• TASK PROMPT: Report the number of lines in the data below that hold "Christmas", without any other words.

• GIVEN RECORDS:
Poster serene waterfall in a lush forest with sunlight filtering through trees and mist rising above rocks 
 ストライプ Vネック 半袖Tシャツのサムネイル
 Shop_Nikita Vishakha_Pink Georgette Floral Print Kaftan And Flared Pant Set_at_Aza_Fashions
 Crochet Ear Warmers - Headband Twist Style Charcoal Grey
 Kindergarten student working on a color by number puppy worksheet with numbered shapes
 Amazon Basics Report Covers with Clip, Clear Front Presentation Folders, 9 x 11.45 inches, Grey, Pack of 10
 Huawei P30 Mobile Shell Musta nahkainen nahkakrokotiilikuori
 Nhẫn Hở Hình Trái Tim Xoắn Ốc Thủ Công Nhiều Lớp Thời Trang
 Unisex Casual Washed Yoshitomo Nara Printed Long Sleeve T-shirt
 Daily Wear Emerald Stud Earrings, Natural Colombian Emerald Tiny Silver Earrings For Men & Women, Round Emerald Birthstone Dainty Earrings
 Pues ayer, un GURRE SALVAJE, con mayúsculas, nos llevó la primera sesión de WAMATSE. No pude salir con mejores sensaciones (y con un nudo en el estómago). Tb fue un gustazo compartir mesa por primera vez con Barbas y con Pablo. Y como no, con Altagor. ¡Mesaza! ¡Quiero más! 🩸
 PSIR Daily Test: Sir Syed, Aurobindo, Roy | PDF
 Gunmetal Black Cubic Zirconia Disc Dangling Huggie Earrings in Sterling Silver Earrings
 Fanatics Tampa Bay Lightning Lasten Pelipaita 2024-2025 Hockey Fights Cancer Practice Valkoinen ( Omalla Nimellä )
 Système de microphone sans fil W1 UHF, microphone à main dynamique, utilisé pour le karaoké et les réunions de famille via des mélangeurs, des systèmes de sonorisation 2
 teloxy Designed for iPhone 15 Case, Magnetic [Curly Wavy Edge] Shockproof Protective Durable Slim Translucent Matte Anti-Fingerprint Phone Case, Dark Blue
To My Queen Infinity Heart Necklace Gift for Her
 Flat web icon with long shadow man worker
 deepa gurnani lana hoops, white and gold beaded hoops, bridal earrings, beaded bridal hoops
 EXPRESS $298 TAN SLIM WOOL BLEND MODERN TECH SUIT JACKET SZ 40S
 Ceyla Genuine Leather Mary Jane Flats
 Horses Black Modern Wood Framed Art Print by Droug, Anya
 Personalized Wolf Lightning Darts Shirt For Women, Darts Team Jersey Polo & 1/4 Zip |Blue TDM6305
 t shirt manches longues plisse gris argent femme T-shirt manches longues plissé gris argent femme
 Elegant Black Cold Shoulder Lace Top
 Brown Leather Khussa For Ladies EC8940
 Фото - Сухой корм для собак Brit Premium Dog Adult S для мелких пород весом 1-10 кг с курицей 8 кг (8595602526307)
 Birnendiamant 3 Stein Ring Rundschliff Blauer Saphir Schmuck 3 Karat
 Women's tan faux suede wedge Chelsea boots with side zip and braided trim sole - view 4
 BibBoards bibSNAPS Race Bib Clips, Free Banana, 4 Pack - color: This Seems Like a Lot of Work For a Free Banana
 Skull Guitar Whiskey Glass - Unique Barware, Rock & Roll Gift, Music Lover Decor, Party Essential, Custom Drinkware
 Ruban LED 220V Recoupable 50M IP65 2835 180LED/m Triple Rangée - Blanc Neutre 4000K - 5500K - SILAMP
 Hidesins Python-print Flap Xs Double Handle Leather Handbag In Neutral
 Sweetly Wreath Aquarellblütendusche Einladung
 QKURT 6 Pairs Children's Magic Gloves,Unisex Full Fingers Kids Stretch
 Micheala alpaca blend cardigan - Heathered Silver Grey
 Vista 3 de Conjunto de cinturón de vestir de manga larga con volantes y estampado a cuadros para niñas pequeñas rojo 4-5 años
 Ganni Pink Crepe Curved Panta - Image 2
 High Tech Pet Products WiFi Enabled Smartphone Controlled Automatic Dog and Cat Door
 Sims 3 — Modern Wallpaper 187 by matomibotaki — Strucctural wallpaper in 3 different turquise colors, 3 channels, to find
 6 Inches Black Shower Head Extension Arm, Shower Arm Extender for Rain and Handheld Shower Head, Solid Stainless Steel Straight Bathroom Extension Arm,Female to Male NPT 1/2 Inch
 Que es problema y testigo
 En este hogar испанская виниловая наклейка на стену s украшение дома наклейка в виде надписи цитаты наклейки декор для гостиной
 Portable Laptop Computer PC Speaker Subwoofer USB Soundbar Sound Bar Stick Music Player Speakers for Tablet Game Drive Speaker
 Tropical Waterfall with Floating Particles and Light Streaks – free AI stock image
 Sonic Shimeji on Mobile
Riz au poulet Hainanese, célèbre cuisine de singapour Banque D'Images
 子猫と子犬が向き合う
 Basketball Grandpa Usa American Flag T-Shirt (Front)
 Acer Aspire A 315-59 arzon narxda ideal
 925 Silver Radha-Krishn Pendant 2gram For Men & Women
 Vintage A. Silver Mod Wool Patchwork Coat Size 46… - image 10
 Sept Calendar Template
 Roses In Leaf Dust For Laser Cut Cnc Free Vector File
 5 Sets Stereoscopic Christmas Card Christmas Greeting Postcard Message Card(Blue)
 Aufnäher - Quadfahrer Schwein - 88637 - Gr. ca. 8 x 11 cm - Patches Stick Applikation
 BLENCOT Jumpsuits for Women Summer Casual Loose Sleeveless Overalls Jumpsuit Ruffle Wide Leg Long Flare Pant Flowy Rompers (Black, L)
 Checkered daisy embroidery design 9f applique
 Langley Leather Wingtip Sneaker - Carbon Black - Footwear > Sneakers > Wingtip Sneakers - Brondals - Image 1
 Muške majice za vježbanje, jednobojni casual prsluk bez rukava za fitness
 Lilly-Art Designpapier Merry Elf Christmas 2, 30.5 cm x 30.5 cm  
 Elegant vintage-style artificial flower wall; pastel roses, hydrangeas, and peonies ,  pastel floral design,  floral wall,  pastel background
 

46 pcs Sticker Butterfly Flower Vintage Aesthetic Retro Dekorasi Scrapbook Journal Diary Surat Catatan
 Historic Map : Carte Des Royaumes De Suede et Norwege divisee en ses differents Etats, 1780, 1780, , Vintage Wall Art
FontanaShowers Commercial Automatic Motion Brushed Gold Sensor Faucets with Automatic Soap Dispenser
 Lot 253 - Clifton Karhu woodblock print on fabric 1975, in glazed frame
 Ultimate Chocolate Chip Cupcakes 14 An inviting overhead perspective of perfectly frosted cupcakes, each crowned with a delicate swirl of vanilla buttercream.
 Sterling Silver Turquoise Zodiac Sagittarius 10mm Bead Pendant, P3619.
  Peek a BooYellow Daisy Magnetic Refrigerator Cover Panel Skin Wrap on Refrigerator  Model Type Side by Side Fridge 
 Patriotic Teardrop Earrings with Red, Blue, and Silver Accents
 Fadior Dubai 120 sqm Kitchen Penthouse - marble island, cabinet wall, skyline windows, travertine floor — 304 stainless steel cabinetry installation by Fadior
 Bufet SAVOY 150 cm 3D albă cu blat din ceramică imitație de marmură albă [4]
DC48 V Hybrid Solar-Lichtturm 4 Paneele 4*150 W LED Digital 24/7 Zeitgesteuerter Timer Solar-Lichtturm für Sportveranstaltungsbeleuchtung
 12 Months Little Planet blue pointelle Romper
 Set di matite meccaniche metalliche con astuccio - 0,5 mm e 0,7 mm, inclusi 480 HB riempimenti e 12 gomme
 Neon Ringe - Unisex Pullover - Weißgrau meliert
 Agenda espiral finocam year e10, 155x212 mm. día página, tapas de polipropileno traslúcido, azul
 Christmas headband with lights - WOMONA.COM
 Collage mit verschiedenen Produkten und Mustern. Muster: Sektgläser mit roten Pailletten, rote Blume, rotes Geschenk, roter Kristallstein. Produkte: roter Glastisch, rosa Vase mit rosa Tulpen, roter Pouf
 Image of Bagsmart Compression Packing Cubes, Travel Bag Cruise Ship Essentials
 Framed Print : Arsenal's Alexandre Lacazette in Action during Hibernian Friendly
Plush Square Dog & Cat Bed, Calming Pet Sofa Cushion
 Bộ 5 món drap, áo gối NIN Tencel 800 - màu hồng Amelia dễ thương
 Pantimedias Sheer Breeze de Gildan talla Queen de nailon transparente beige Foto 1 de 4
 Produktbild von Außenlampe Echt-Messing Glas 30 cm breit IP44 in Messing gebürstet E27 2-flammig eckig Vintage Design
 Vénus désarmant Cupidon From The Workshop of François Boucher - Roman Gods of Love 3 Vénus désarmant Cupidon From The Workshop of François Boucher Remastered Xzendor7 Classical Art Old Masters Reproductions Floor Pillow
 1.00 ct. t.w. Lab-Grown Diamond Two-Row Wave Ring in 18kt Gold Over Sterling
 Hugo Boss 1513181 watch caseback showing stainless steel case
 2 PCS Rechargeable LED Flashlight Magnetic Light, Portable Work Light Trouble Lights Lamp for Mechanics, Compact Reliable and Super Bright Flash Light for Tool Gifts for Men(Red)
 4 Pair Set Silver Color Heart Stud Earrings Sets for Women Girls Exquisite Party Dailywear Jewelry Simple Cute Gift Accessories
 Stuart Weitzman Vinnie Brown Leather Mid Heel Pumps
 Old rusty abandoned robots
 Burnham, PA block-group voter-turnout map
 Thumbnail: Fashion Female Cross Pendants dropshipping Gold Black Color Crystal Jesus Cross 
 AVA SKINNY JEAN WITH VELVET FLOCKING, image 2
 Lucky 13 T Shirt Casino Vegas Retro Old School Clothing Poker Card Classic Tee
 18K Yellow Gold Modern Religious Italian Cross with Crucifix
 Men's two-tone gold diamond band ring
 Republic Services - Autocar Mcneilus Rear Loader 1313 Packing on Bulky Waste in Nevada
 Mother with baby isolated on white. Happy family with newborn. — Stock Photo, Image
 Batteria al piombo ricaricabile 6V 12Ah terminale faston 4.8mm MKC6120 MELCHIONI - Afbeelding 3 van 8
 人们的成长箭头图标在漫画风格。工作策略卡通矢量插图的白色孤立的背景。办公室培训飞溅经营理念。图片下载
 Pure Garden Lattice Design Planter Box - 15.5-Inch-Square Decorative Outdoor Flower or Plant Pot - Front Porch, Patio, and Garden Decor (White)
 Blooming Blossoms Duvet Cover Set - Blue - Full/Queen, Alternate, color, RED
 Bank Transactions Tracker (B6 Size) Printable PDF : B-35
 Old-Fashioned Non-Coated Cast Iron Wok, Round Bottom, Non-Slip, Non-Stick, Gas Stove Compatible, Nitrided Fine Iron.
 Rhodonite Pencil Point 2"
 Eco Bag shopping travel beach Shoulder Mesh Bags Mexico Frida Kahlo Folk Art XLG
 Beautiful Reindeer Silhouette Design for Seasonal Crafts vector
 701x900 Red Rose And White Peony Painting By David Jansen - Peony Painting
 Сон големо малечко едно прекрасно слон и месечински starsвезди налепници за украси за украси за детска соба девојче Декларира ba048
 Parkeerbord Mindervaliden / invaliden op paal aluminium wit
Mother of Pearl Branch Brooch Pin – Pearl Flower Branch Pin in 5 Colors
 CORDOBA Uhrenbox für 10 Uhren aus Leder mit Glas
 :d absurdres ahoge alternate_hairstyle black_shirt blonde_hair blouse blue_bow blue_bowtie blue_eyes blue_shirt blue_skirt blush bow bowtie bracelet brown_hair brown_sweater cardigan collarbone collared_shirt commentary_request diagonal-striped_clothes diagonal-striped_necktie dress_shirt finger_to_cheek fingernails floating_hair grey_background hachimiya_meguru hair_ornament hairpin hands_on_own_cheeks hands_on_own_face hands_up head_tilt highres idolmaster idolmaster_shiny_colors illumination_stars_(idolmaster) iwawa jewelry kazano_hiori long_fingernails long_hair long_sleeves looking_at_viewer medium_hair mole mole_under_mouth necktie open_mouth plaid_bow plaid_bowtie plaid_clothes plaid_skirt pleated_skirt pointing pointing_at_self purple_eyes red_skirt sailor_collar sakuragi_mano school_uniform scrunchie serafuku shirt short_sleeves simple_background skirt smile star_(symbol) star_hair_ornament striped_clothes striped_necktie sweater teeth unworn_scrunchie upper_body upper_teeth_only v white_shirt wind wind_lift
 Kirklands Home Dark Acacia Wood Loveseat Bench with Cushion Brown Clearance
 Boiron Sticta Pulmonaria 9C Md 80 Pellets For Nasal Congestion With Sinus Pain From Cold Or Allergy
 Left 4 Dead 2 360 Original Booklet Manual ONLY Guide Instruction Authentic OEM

• FINISHED EXERCISE: 3